Models?! We don't need no stinkin' models! How about a big paper map, some blue pencils and a lot of slide rules (ok maybe a bit of an exaggeration)
Looking at some newspapers in '89, an article on Dec 20 in the Dallas Morning News (a Wednesday) predicted highs in the low 30s and lows in the mid teens for Friday and Saturday. The following day a more alarming article came out predicting a much more severe cold outbreak, with highs as cold as 12 on Friday with a low around 0 Saturday morning. This proved to be quite accurate but it didn't get published until the day before the front arrived.
Similar articles on the 21st in the Austin and Houston papers were also published about the severity of the upcoming cold wave. They were a couple of degrees too warm but got the general idea right.
If this was published on the 21st that means the NWS was sounding the alarm on the 20th, a whopping 2 days ahead of the front. To their credit, they did correctly predict that the upper air patterns would change dramatically after the cold outbreak with a warmup to follow.

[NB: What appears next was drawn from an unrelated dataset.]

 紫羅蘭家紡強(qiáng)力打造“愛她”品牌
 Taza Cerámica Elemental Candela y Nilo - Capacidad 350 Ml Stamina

So yeah, we've come a long ways.
As for the upcoming outbreak, the models have been predicting for days now a very cold outbreak for the NW US and it is looking more and more like that's going to happen in some form or fashion. What the computers are having more trouble with is where it goes after that. To me it looks a little far to the west to be the dreaded "Straight-Down-The-Front-Range-Blue-Norther-MOAF" event for TX but it's certainly worth monitoring. Will probably be cold, just nothing of biblical proportions (at least for us). The maps for Feb 2011 were a lot scarier, that I remember.